Recently, I came across research papers in psychology and education that I found fascinating. The work comes from, among others, Carol Dweck, who is a psychology professor at the Stanford University. She has been studying people’s mental attitudes and how they inhibit or propel achievement and personal development. Her findings are very powerful, I think, and widely applicable.
And here are my main take-away from these papers.
- People deem intelligence as either fixed or malleable. This translates to “fixed” or “growth” mindsets towards education and development.
- Those with fixed mindset set performance goals. They perceive studying and testing as an act of measuring their intelligence.
- Those with the growth mindset set learning goals. They perceive studying and testing as a learning opportunity.
- The fixed mindset group has a weaker coping mechanism for experiencing failure or negative feedback. They are more likely to give up in their efforts, because they perceive failure as a sign of their limited (and fixed) intelligence or ability.

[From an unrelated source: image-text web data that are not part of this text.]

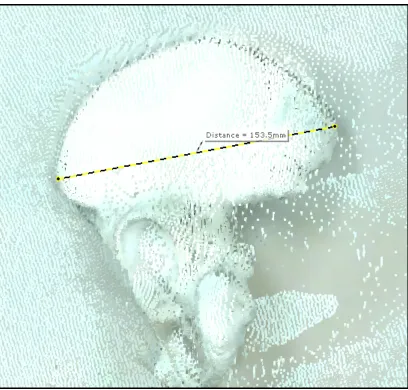 FIGURE 2 – The virtual iliac breadth measurement obtained via Faro SCENE software.  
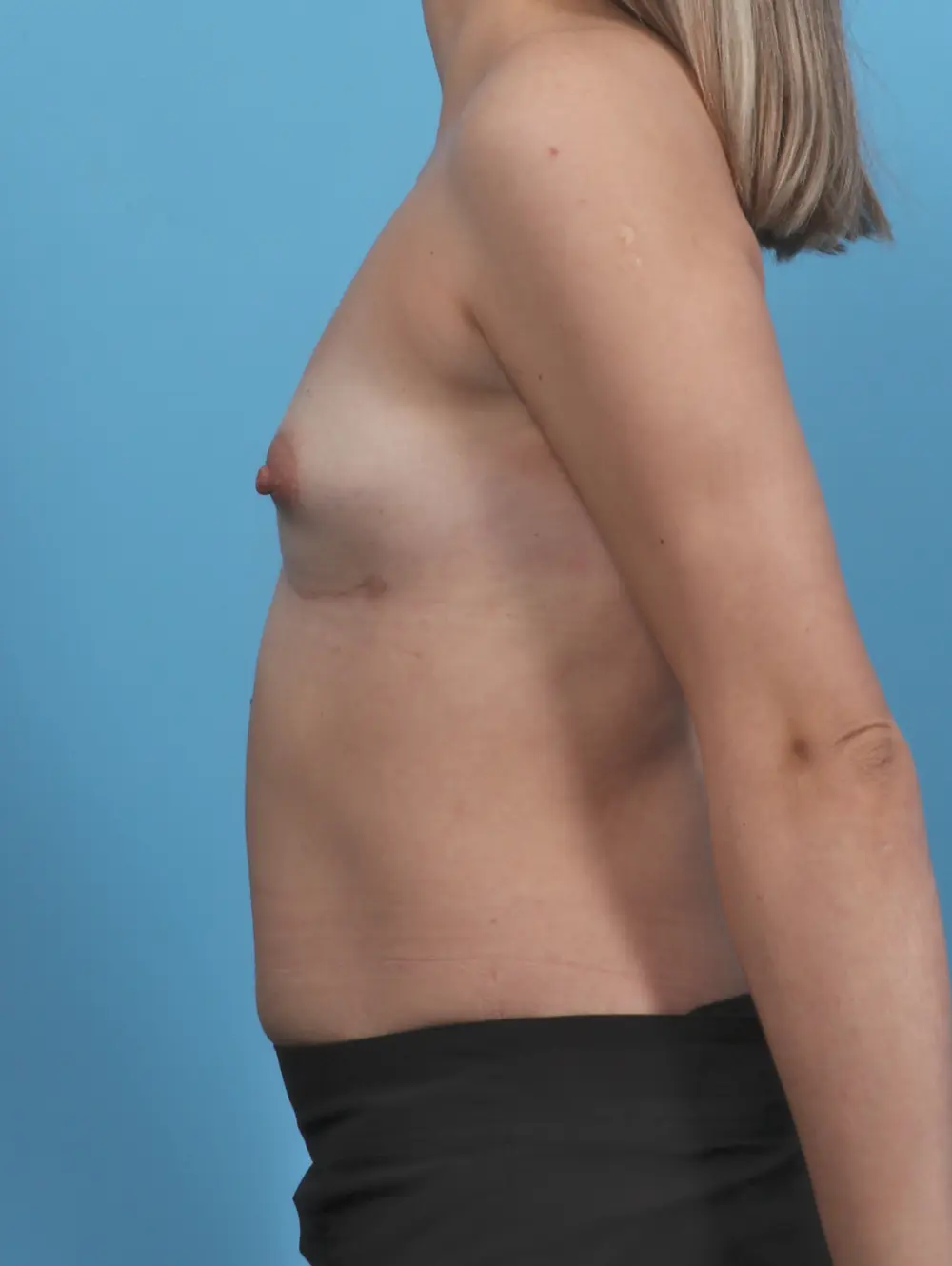 Breast Implant Removal Patient Photo - Case 46396 - after view-2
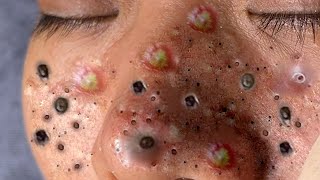 Big Cystic Acne Blackheads Extraction Blackheads amp Milia Whiteheads Removal Pimple Popping  6561 [upl. by Scheck]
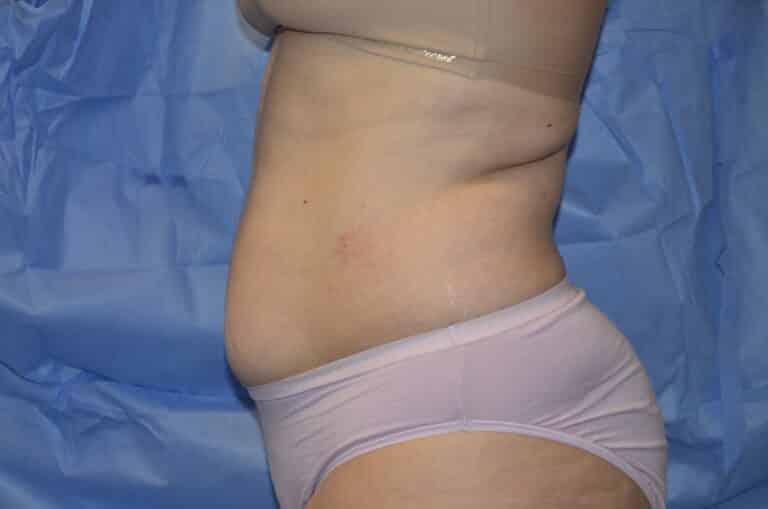 Before Image: Tummy Tuck - left-side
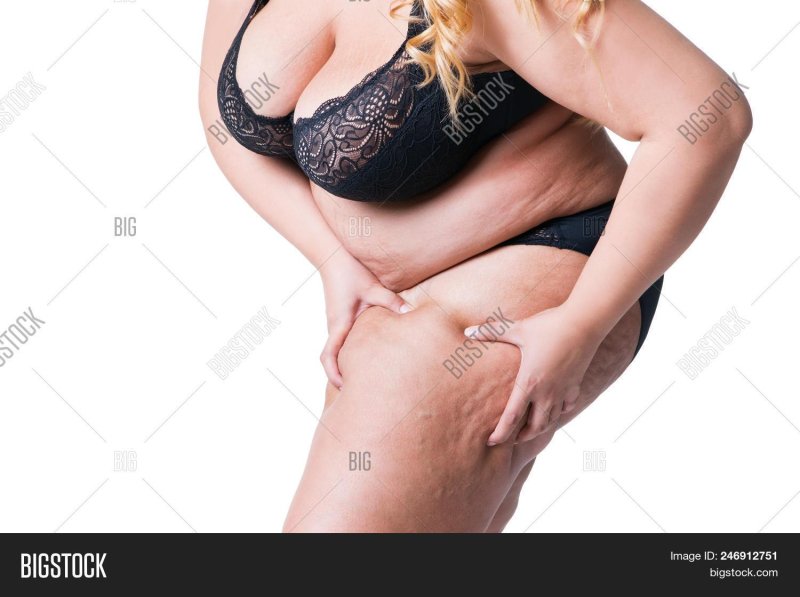 A woman with thick stomach
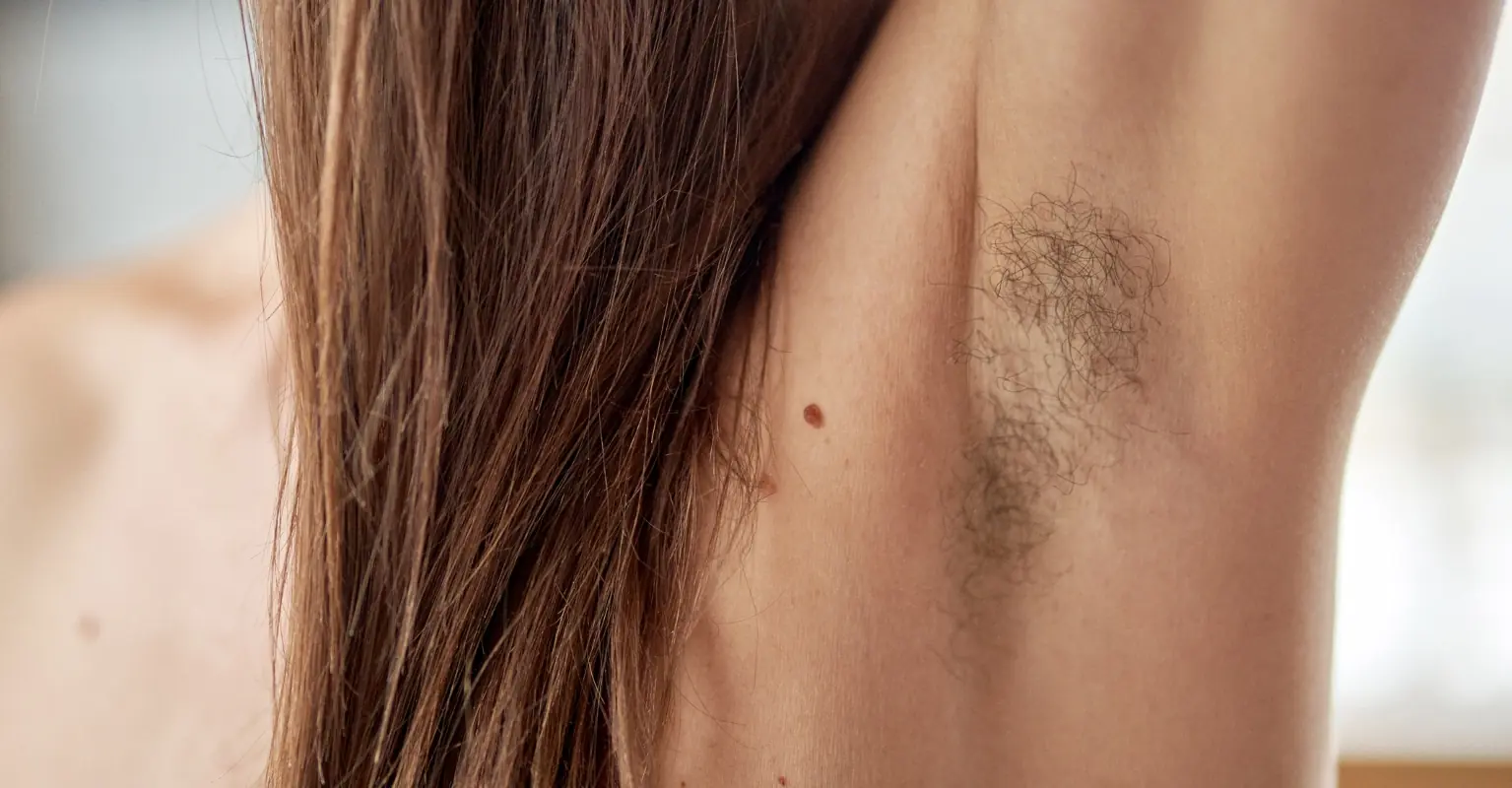 Woman who makes $10,000 a month posting pics of her armpit hair reveals she now has PTSD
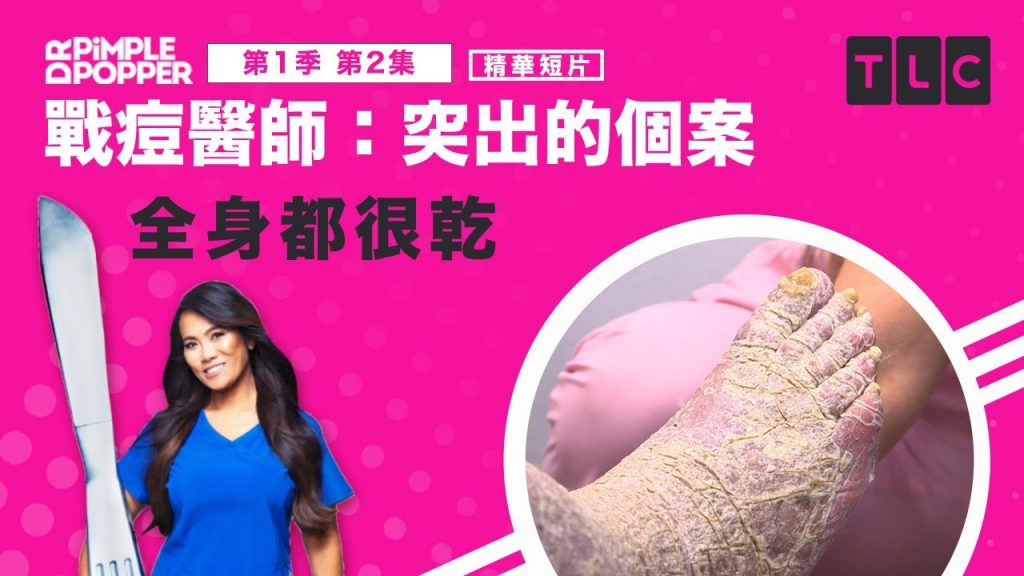 《戰痘醫師》乾乾乾乾乾乾乾,乾到不能再乾的皮膚|TLC 旅遊生活頻道
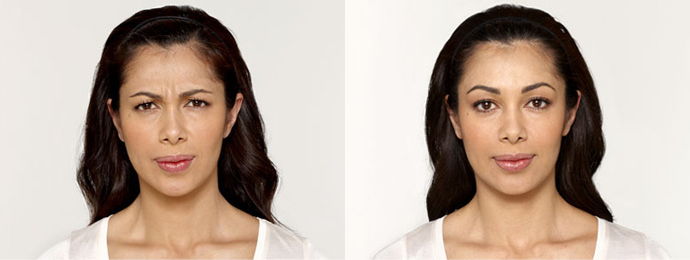 Botox Cosmetic - Before and after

- On the other hand, people with the growth mindset are better equipped to overcome adversity, since they believe they can improve themselves. They see negative feedback or failure as a gauge of the progress in their development – not an indicator of their intelligence. As a result, they believe that hard work will increase their intelligence and abilities.
- To be in the growth mindset, we should focus on effort, use of strategy and incremental progress (the “brain points”).
- On the other hand, praising someone’s innate skill can discourage the growth mindset.
I think there are some powerful ideas here. I have to admit that for most of my student life I’ve had the fixed mindset. I did think that I could improve my skills at a task with practice, but at the same time, I believed that I was limited by whatever intelligence I was born with. Although I was always a good student, I wish I did not assume so often that I hit my ceiling, that I could not do better. What I find most interesting in this research is that it apparently does not matter if intelligence is fixed or not, because none of us are likely to ever reach our maximum theoretical potential – we have plenty of room to grow. So, the keys to success are effort and perseverance, not innate intelligence.
I know that many of us struggle with various aspects of filmmaking – especially storytelling and cinematography, I think. It is easy to question whether we can ever get good at these skills. Although I don’t know whether all of us can achieve a level of excellence that will garner national or international recognition, I do believe that with hard work and the growth mindset, everyone can achieve a level of skill that will bring fulfilment to them and joy to their audiences.
If you have more interest in education, then I strongly recommend the “Learning How To Learn” course from the University of California, San Diego – it is available online, free-of-charge via Coursera. I wish this course was taught to everyone in primary or secondary schools. Learning effectively is a key skill to have.